==== Records
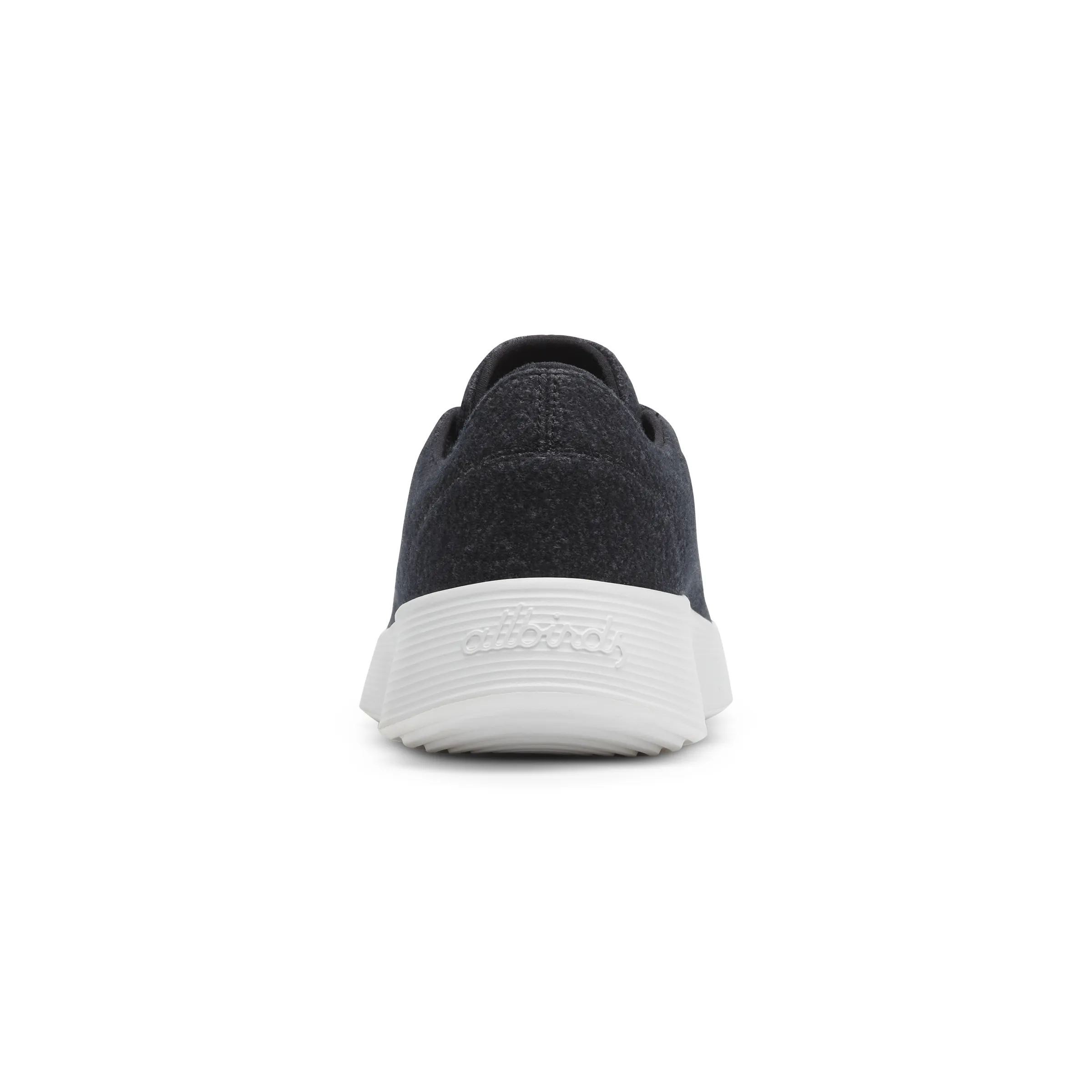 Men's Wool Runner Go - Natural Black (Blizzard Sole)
========
==== Records
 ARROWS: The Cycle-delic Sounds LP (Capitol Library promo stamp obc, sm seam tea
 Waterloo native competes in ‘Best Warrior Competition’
========
Prompt
Copy out the lines above exactly, beginning at the one that contains "ARROWS: The Cycle-delic" and ending at the one that contains "Waterloo native competes".

Exercise result
 ARROWS: The Cycle-delic Sounds LP (Capitol Library promo stamp obc, sm seam tea
 Waterloo native competes in ‘Best Warrior Competition’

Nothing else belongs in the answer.